Inputs. Say we have 6 telescopes in our network, Ta - Tg,
run by Anubis, Balor, Charon, Dante, Eurydice, and Frank.
Ta and Tb are the same hardware in different locations.
Tc is different hardware with roughly the same settings.
Td is a scope capturing a continuous imagestream, converted later into chunked observations.
Te is an orbital scope.
Tf is a virtual-aperture scope (combined data from multiple scopes on different sides of the planet)
…
Some of the outputs desired from this network: raw data, existence, interest, alignment, combination, and replication.
Raw data - The observational data synthesized into inferred events. Much of this is not stored for long, but feedback from others may lead to reanalysis of observations that would otherwise be ignored. References to observations and their bulk properties are important.

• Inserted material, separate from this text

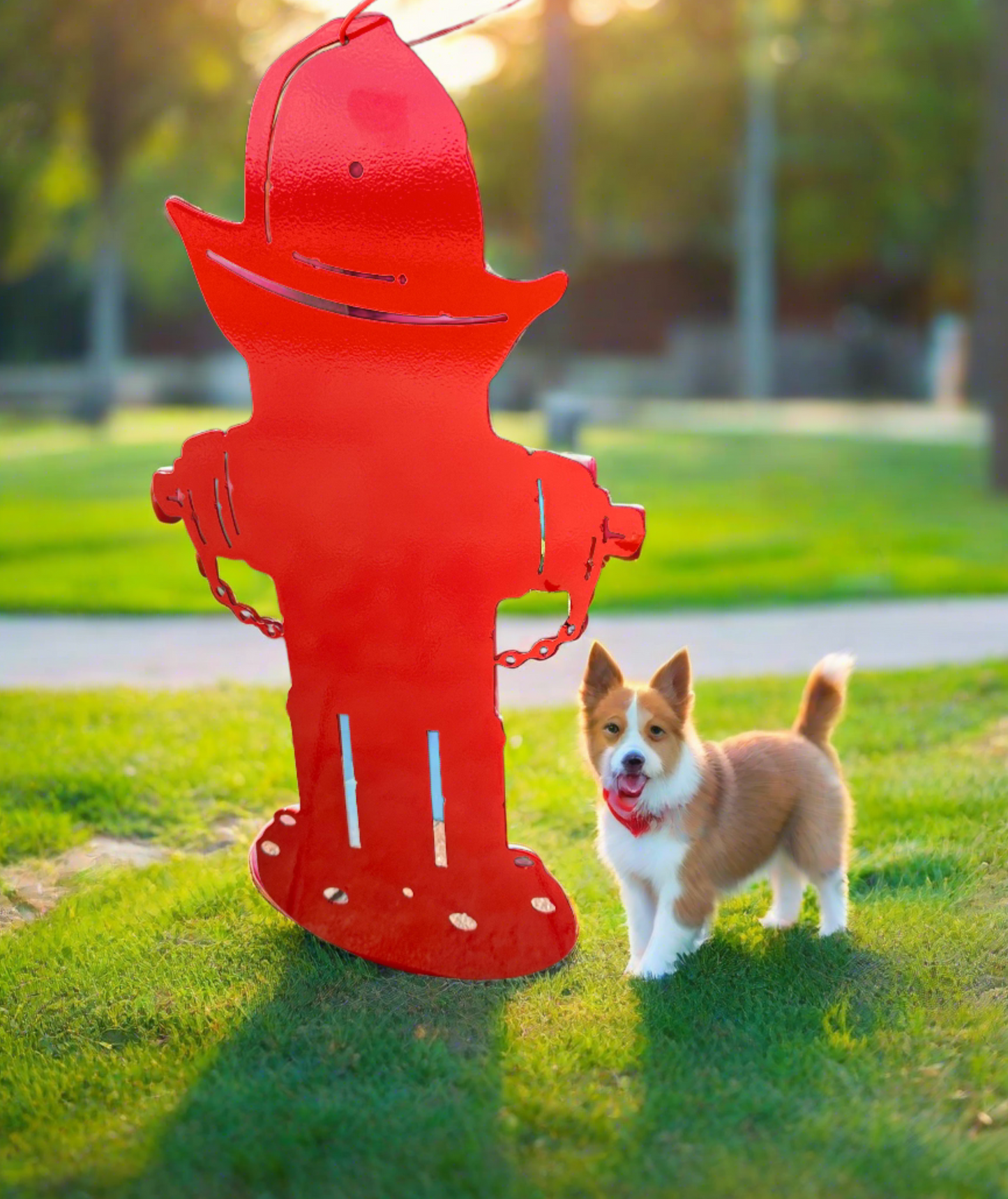 Metal Fire Hydrant- Hang or Stake in Ground- with or without custom message-19"H x10"W Powder Coated finish for Outdoors or Indoors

Cleaned data - Cleaning tends to happen on-detector, in-scope, and in the detection software. Then a normalized, binned, error-corrected output — taking weather, mechanical, and other conditions into consideration — might be the official datastream on the detecting machine.
Compressed data - For high-volume feeds, the raw data may be compressed into a longer-lasting file, destined for preservation for some initial period of time as a reference for other work. This can include discarding streaming data without saving to permanent storage media, or overwriting the media used to store a day’s data while compressing the most interesting bits into an archival file that is transferred to a data center.
Summarization
Existence / event list - What events have been observed in this region / within this time-range? With what level of confidence that this was a real event and not noise?
Ambient condition - Metadata about the region and context, and [slower] changes over the course of observation
Alignment with a network of related observers
Interest - What demand is there for events of different shapes? What observatories have registered monitoring scripts with event brokers to help strengthen coverage of certain events?
Sky survey -
(Existence) Did anyone else observe something close to this {time/place/ classification}?
(Significance) Did anyone observe something slightly sub-threshhold?
(Brokering) How have brokers prioritized events for others to see/replicate?
Combination - An aggregate feed from many sources. Combined events: events where the combined observations from multiple sources/spectra pass a combined threshold. A combined feed of only combined-event data.
Inference + Synthesis - Given data from the network, what inferred or synthetic datasets have been made? This includes virtual-aperature datasets from pre-hoc closely-synchronized observations and more loosely connected post-hoc approaches to cleaning data from many scopes.
Real-time replication - A prioritized feed of recent events that merit further observation, often time-sensitive [transient events]. A streamlined feed of high-priority events and their followups, perhaps segmented or filtered by the types of scopes that could respond [which spectra are most interesting to observe, what features are needed].
This is where current concepts of astronomical event brokers often focus: there is opportunity cost to wasted scope time and a desire to align multiple scopes + spectra on interesting parts of the sky during significant events.
(It takes time to slew a large scope’s focus across the sky to a new target — if you have an IR scope and have just finished an observation and want to know where to look next, you may want to know if any other scopes near your current field are looking for IR confirmation of a potential event.)